None of the pills in the musician's home were prescribed to him; streaming service still reeling in subscribers; Illinois bill takes aim at passenger removal; and more headlines as you prepare for your drive home Monday, April 17, 2017.
PRINCE WASN'T PRESCRIBED ANY OF THE DRUGS AT HIS HOME
Investigators found pills in several parts of Prince's Paisley Park estate outside Minneapolis after he died of an opioid overdose last year, but none of them had been prescribed to the pop star, according to court records released Monday.
Investigators also said Prince got painkillers through other people. The drugs found at the estate included oxycodone and a variety of non-painkiller drugs.

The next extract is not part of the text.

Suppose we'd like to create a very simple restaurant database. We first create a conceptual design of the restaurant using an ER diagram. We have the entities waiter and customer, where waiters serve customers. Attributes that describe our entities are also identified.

On Monday morning, officials in Carver County, Minn., unsealed search warrants that had been filed secretly last year as part of their ongoing investigation into the death of Prince Rogers Nelson, who was found collapsed in an elevator in his Chanhassen, Minn., estate on April 21, 2016. He was 57.

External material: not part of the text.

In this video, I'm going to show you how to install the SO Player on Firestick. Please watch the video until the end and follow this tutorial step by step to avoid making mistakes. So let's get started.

A medical examiner determined that Prince died of an accidental overdose of fentanyl, a synthetic opioid that doctors often prescribe for patients dealing with chronic pain from late-stage cancer and is also used as an anesthetic during heart surgery.
NETFLIX ON VERGE OF MAJOR MILESTONE
SAN FRANCISCO — Netflix is on the verge of surpassing 100 million subscribers, a testament to how much the video streaming service has changed the entertainment landscape since its debut a decade ago.
The milestone will be reached this weekend if Netflix's projections are correct. Netflix made the prediction Monday with the release of its first-quarter earnings.
The video service added nearly 5 million subscribers during the first three months of the year to end March with 98.7 million customers in roughly 190 countries.
Netflix still has a ways to go to catch up with HBO, the popular pay-TV channel that has served as its role model. HBO has 134 million subscribers worldwide, including viewers who now get the channel on an internet-only service that was inspired by Netflix's success.
NEW BILL WOULD BAN FORCIBLY REMOVING PASSENGERS IN ILLINOIS
CHICAGO - It would be illegal for Illinois state or local government employees to forcibly remove travelers from flights under a bill introduced by a lawmaker on Monday after a United Airlines passenger was violently dragged from an aircraft last week.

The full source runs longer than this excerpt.